Action item —
The lines to extract begin at the line that contains "Freeways and Seattle" and run through the last line of the listing; reproduce them exactly, minus any pictures.

Data below —

--- START ---

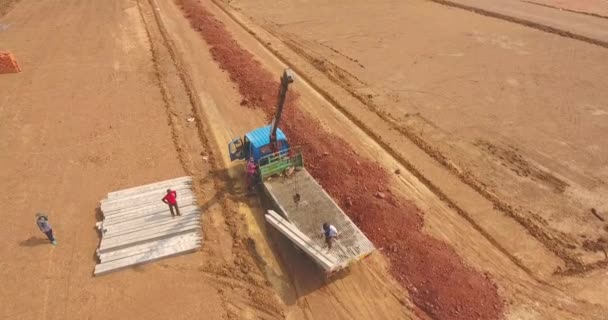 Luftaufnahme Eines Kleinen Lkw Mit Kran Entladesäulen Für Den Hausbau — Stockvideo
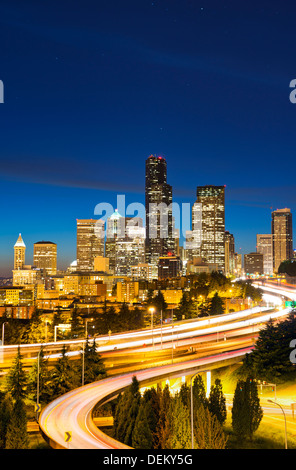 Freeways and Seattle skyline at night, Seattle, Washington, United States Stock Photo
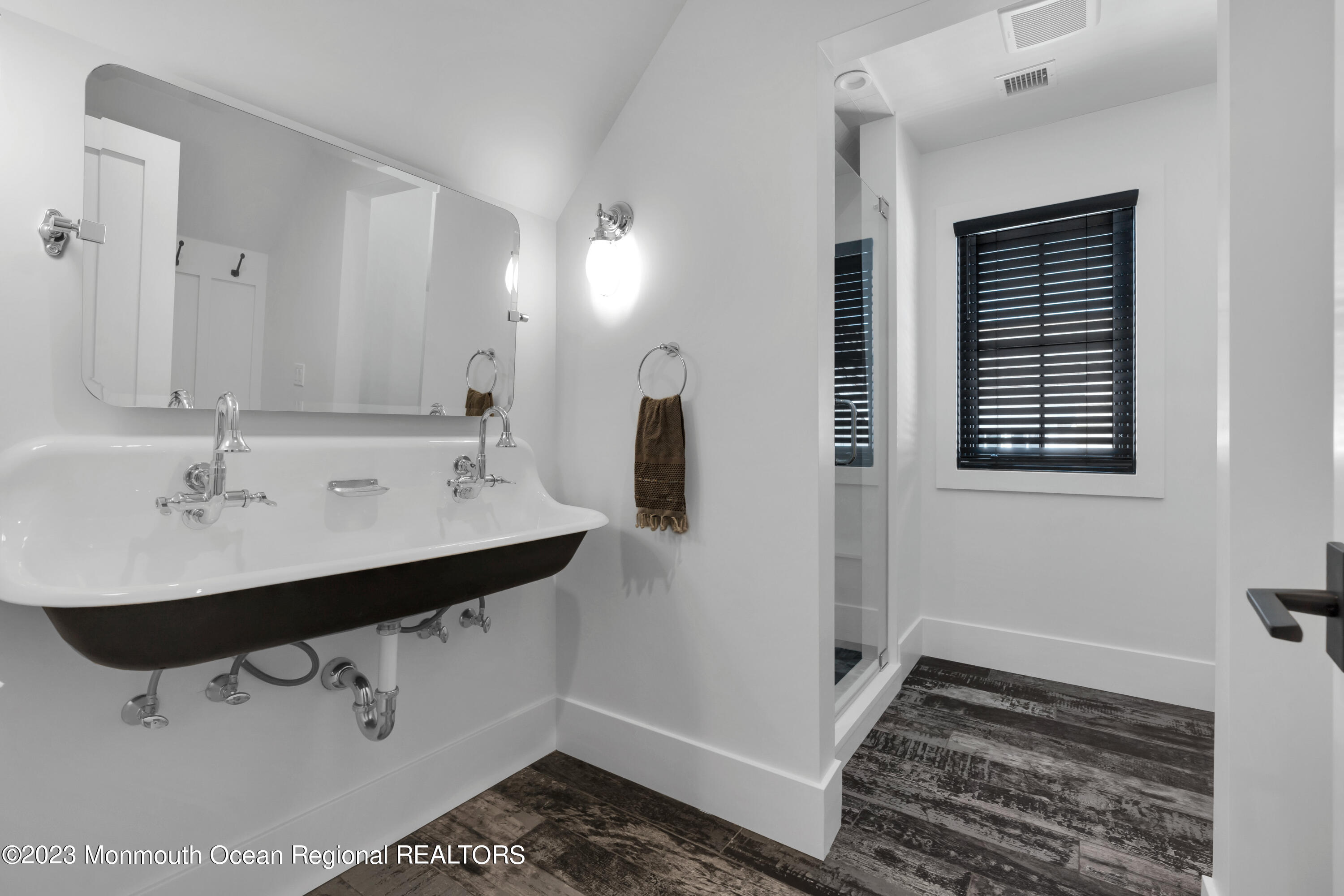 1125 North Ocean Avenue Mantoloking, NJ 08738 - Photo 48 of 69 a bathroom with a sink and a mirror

--- END ---

Reply —
 Freeways and Seattle skyline at night, Seattle, Washington, United States Stock Photo
 1125 North Ocean Avenue Mantoloking, NJ 08738 - Photo 48 of 69 a bathroom with a sink and a mirror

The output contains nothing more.